To minimise the time "wasted" by transferring data between the instruments and the PC I would like to query them in parallel. Unfortunately, LabVIEW doesn't agree with that strategy and reliably crashes when doing so. It doesn't matter which command I send, so here's a sample snippet, where I just query the instrument ID repeatedly. I don't even have to read the answer back (doing so won't make a difference):
This will kill LabVIEW 2012 and 2014, both 64bit without even popping up the "We apologize for the inconvenience" crash reporter dialog.
Has anyone had similar experiences?
I've seen LabVIEW crash while communicating over RS232 (VISA) but it's much harder to reproduce.
Is it outrageous to assume that communication to separate instruments via different VISA references should work in parallel?
All my instrument drivers are separate objects.
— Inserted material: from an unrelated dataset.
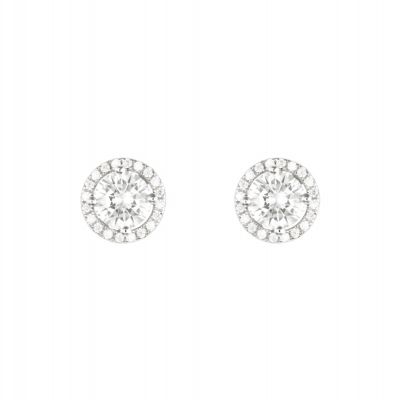 Stroili Orecchini Lobo Argento Rodiato Zirconi Bianchi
I can ensure that communication to a single type of instrument is done in series by making the vi that does the communication non-reentrant. But I have to communicate with multiple instruments of different types, most of which use some flavour of VISA (RS232, USB, GPIB).
Am I just lucky that I haven't had more crashes when I'm talking to a lot of instruments?
Could it be a bug specific to the USB part of VISA? I've only recently changed from GPIB to USB on those power meters to get faster data transfer rates. In the past everything went via GPIB, which isn't a parallel communication protocol anyway afaik.